Freezers-Verteidiger Sam Klassen macht fehlendes Talent mit Willen wett - auch am Freitagabend in Iserlohn? Der 25-Jährige spielte zuletzt in der drittklassigen East Coast Hockey League.

Hamburg. Das konnte doch wieder nur einer dieser Scherze für Neuzugänge sein. Dachte Sam Klassen, als die Teamkollegen ihn vor zwei Wochen nach dem 3:1-Sieg gegen Wolfsburg drängten, die Schlittschuhe wieder anzuziehen. Man müsse zurück aufs Eis, um mit den Fans den ersten Saisonerfolg zu feiern, sagten sie. „Ich hatte so etwas noch nie erlebt, deshalb wollte ich es zunächst nicht glauben,“ sagt er.
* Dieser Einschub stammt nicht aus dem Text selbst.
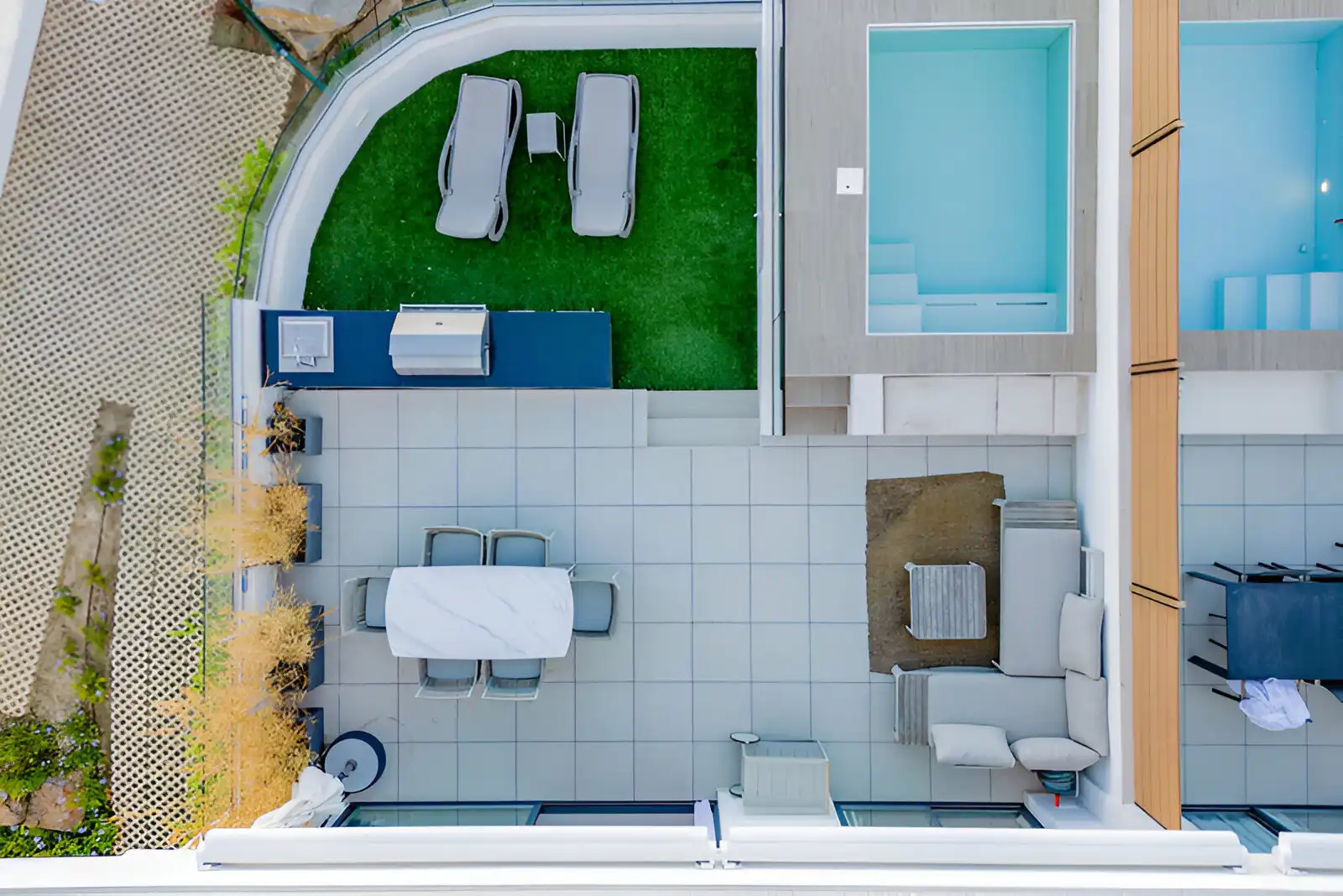Apartament amb piscina en venda a La Cala Mijas, imagen 4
Sam Klassen hat viele neue Dinge gelernt, seit er Anfang August zu den Hamburg Freezers gewechselt ist. Der 25-Jährige, der zuletzt in der drittklassigen East Coast Hockey League für die Greenville Road Warriors aufgelaufen war, hatte es satt, innerhalb einer Saison mehrfach von einem Team zum nächsten gereicht zu werden.
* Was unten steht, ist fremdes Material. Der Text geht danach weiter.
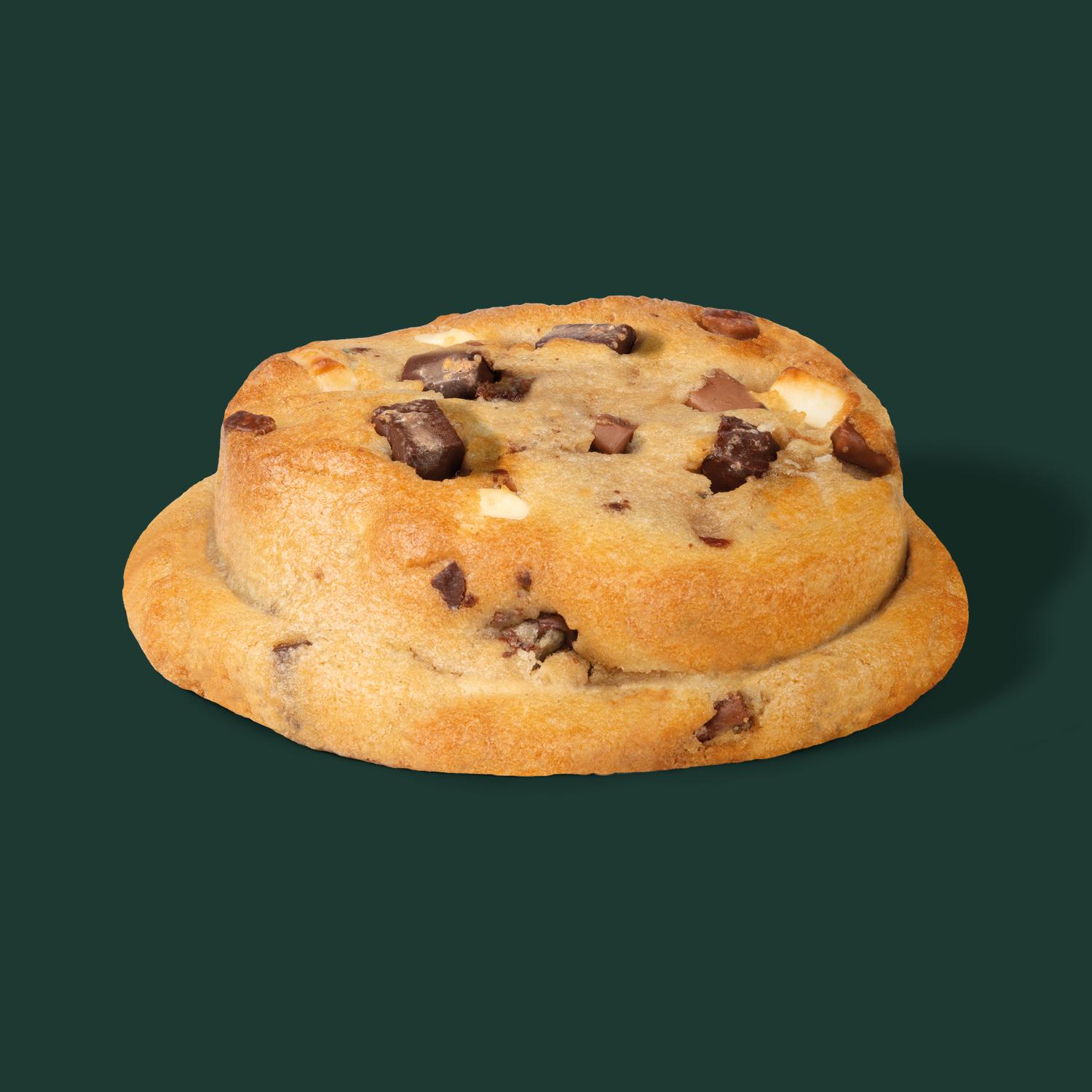 Cookie Pépites de Chocolat - Starbucks | Delivery in Monaco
Er wollte mehr Planungssicherheit und nicht mehr mindestens 60 Prozent eines Jahres von Ehefrau Jaylin, 22, und Töchterchen Avalie,viereinhalb Monate getrennt zu sein. „Es ist nicht schön, wenn man nicht weiß, wo man in der nächsten Woche sein wird. Familienleben stelle ich mir anders vor“, sagt der Kanadier. Und so lehnte er einen neuen Kontrakt bei Hartford Wolf Pack in der zweitklassigen American Hockey League (AHL) ab – und stürzte sich in sein persönliches Europa-Abenteuer, das ihn an diesem Wochenende erstmals nach Iserlohn (Fr., 19.30 Uhr) und Straubing (So., 16.30 Uhr) führt.
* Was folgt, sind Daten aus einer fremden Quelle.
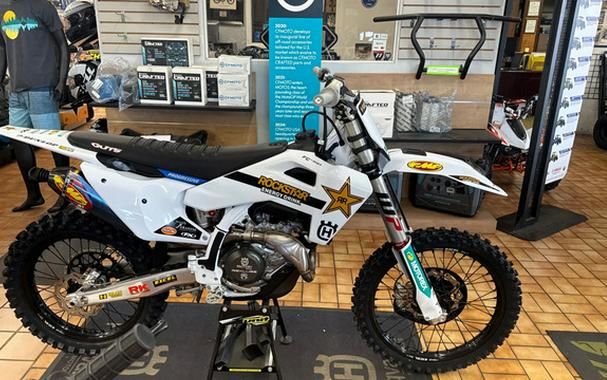 2026 Husqvarna Motorcycles FC450 Rockstar Edition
Dass er Deutschland und die Hamburg Freezers als Ziel wählte, basiert auf zwei Zufällen. Freezers-Torwarttrainer Vincent Riendeau entdeckte den 185 cm großen Abwehrspieler quasi nebenbei, als er in der AHL auf Scoutingtour war. Als die Freezers dann ihre Offerte vorlegten, erinnerte sich Klassen seiner deutschen Wurzeln väterlicherseits – und konnte erfolgreich einen deutschen Pass beantragen, der ihn für die Hamburger noch interessanter machte, weil er so keine der elf Ausländerkontingentstellen beanspruchte.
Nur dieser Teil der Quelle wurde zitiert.